Falta de assunto
Solange Amado
Alguém
disse um dia, que Rubem Braga era bom de
Escrita. Bastava ter um tema e ele metia bronca. Mas era melhor ainda quando
não havia assunto.
A tia estava modestamente alí: papel, caneta, que o
computador faleceu. A cadeira, a mesa e
um furinho na parede. Não tem assunto nenhum e nenhum parentesco com Rubem
Braga. Essa é a grande tragédia. O buraco não é só na parede. É na cachola
também. Isso é o mais brabo.
Claro, ela pode
cavucar mais um pouquinho e tirar água da pedra. Já fez isso, mas o buraco era
mais embaixo. Tinha só dez anos e uma professora de português perversa. Toda
semana botava uma pedra no caminho das redações para os alunos tropeçarem, que
nem Carlos Drummond de Andrade. Tentativa inútil. A turma tinha jogo de cintura
e o estoque de palavras era inesgotável.
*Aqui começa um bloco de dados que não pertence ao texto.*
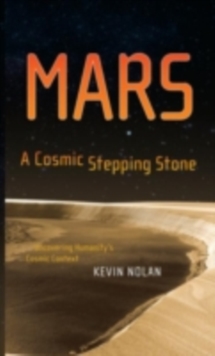 Image for Mars: a cosmic stepping stone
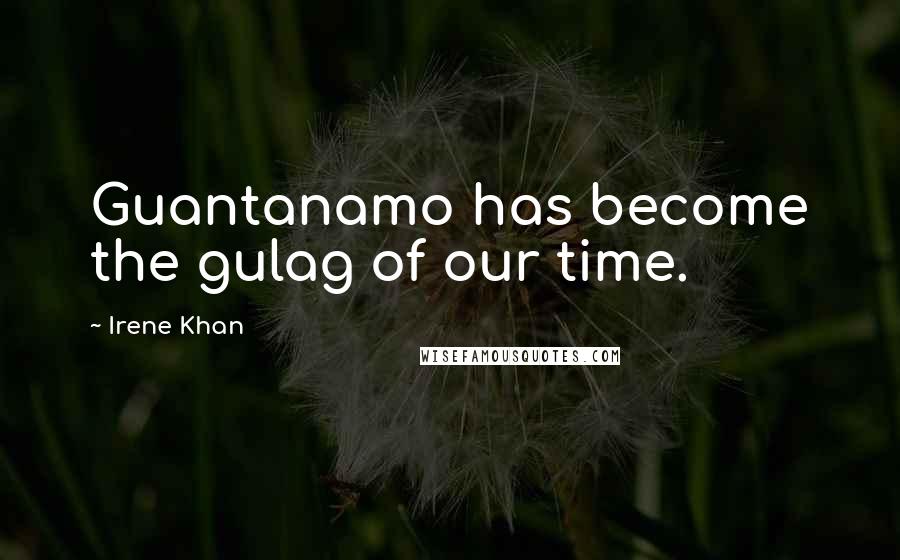 Irene Khan Quotes: Guantanamo has become the gulag of our time.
Ou pelo menos ela achava. Descobriu
que estava redondamente enganada.
Agora a coisa está preocupante. Quanto mais examina no embornal do seu cérebro não encontra um
crescimento muito grande de palavras. Vai ter de usar da criatividade pra
dispor no tabuleiro do papel seu modesto estoque.
A gaveta de palavras não tem lá mesmo um ativo muito grande,
mas isso nunca foi o mais importante. A
tia não se intimida. Quem morre de medo se enterra vivo. Então, é ir em frente.
Não é a quantidade, mas a qualidade. Tem gente pensando que se trocar um a
por um e vai mudar a face do
mundo. Bobagem, o buraquinho vai estar sempre lá.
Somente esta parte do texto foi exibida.